EXERCISE REQUIREMENTS
In the entries below, copy only the lines from the one that contains "Recombinant VAPB/VAP-B Monoclonal" through the last line, exactly, and omit any pictures.

DATA UNDER STUDY

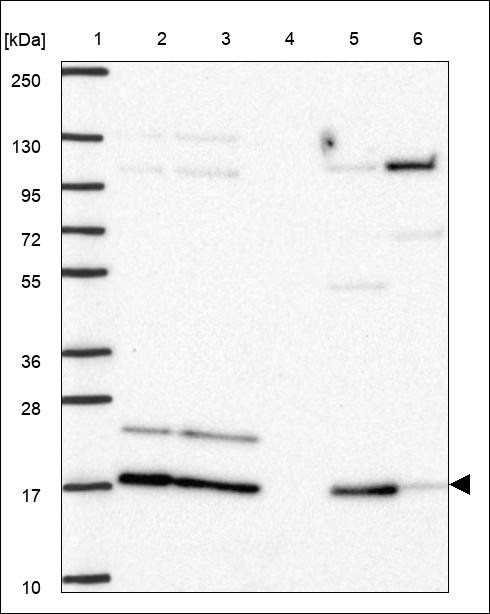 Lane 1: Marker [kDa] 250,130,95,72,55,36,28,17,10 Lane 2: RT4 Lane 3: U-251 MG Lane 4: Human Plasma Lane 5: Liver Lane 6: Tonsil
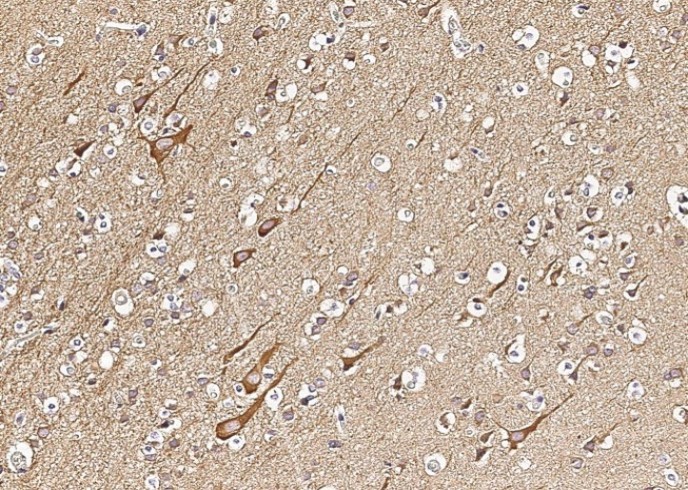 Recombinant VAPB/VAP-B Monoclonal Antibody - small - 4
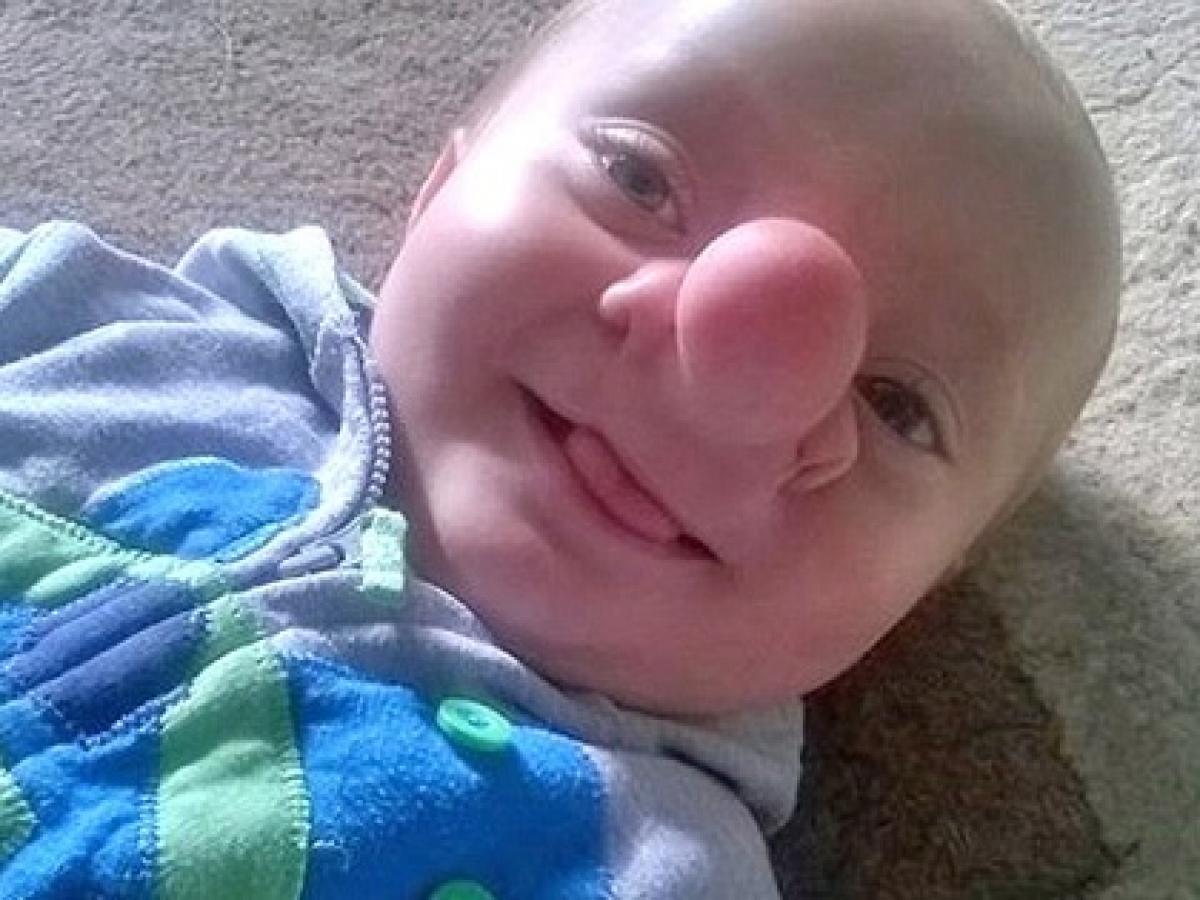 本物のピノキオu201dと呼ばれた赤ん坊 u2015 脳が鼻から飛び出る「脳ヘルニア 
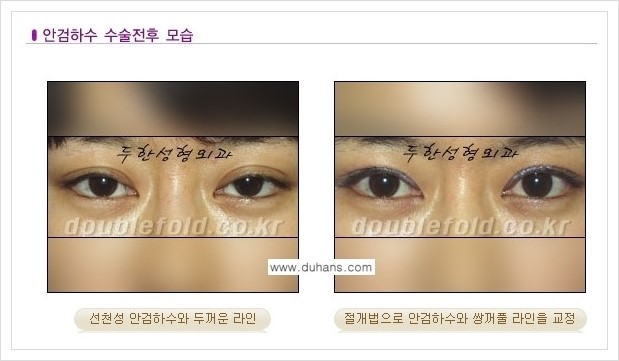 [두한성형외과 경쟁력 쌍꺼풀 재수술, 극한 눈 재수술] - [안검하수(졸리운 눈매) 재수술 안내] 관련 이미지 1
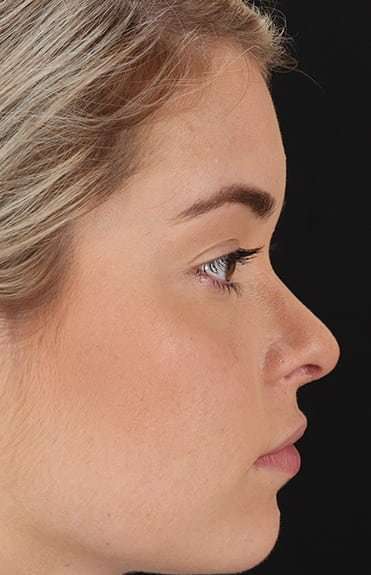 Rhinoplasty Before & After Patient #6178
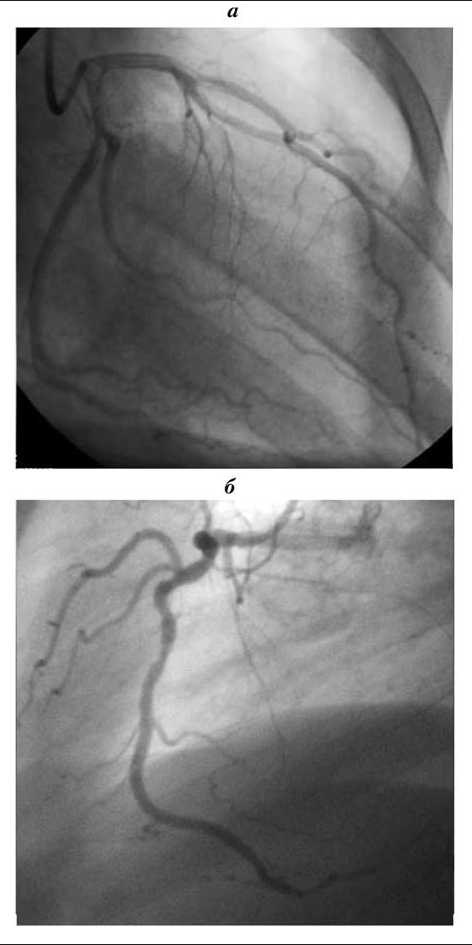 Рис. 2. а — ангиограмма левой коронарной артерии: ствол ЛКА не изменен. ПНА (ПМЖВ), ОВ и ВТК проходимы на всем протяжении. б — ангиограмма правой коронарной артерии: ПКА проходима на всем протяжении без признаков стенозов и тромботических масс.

SOLUTION FOR THIS PROBLEM
 Recombinant VAPB/VAP-B Monoclonal Antibody - small - 4
 本物のピノキオu201dと呼ばれた赤ん坊 u2015 脳が鼻から飛び出る「脳ヘルニア 
 [두한성형외과 경쟁력 쌍꺼풀 재수술, 극한 눈 재수술] - [안검하수(졸리운 눈매) 재수술 안내] 관련 이미지 1
 Rhinoplasty Before & After Patient #6178
 Рис. 2. а — ангиограмма левой коронарной артерии: ствол ЛКА не изменен. ПНА (ПМЖВ), ОВ и ВТК проходимы на всем протяжении. б — ангиограмма правой коронарной артерии: ПКА проходима на всем протяжении без признаков стенозов и тромботических масс.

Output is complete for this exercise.